Maybe I am missing the details here but I would expect that IEnumerable.Except() would work on Enumerables not concretely cast to a collection.

Let me explain with a simple example: I have a list of files on a directory and I want to exclude the files that start with a certain string.

var allfiles = Directory.GetFiles(@"C:\test\").Select(f => new FileInfo(f));

Getting both the files matching and those not matching would be a matter of identifying one of the two collections and then .Except()-ing on the full list, right?

var matching = allfiles.Where(f => f.Name.StartsWith("TOKEN"));

and

var notmatching = allfiles.Except(matching, new FileComparer());

Where FileComparer() is some class that compares the full path of the two files.
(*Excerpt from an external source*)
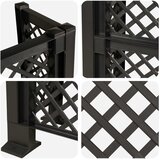  Rešetak za kantu Antracit 123 x 47 x 114 cm PP | shoptok.hr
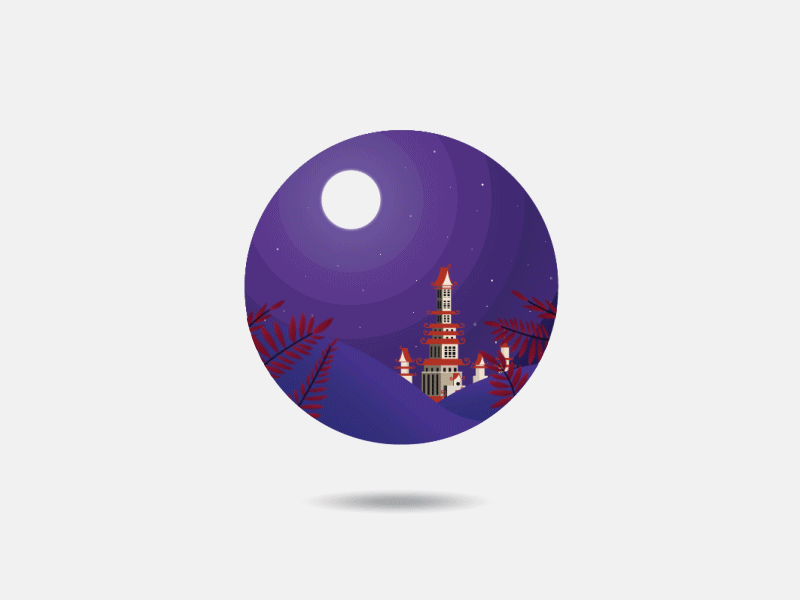 All things are merely dreams after effect animation design flat gif graphic graphic design icon illustration motion graphics purple scene star symbol ux vector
Well, unless I cast both of the three collections to a List, the last notmatching variable still gives me the full list of files after I .Except() on the matching collection. To be clear:

var allfiles = Directory.GetFiles(@"C:\test\").Select(f => new FileInfo(f));
var matching = allfiles.Where(f => f.Name.StartsWith("TOKEN"));
var notmatching = allfiles.Except(matching, new FileComparer());

does not exclude, while

var allfiles = Directory.GetFiles(@"C:\test\").Select(f => new FileInfo(f)).ToList();
var matching = allfiles.Where(f => f.Name.StartsWith("TOKEN")).ToList();
var notmatching = allfiles.Except(matching, new FileComparer()).ToList();

actually does what is says on the tin. What am I missing here? I can't understand why LINQ doesn't manipulate the collection not currently cast to a list.

For instance, the FileComparer does not even get called in the first case.

internal class FileComparer : IEqualityComparer<FileInfo>
{
    public bool Equals(FileInfo x, FileInfo y)
    {
        return x == null ? y == null : (x.Name.Equals(y.Name, StringComparison.OrdinalIgnoreCase) && x.Length == y.Length);
    }

    public int GetHashCode(FileInfo obj)
    {
        return obj.GetHashCode();
    }
}

Solution

  • The difference between the two is that without ToList, the deferred allfiles query is executed twice, producing different instances of FileInfo that will not pass reference equality.

    Your FileComparer implements GetHashCode incorrectly, as it simply returns the reference-based hash code of the FileInfo objects (which does not itself override GetHashCode).

    Implementations are required to ensure that if the Equals(T, T) method returns true for two objects x and y, then the value returned by the GetHashCode(T) method for x must equal the value returned for y.

    The solution is to implement GetHashCode based on the same definition of equality as Equals:

    public int GetHashCode(FileInfo obj)
    {
        return StringComparer.OrdinalIgnoreCase.GetHashCode(obj.Name);
    }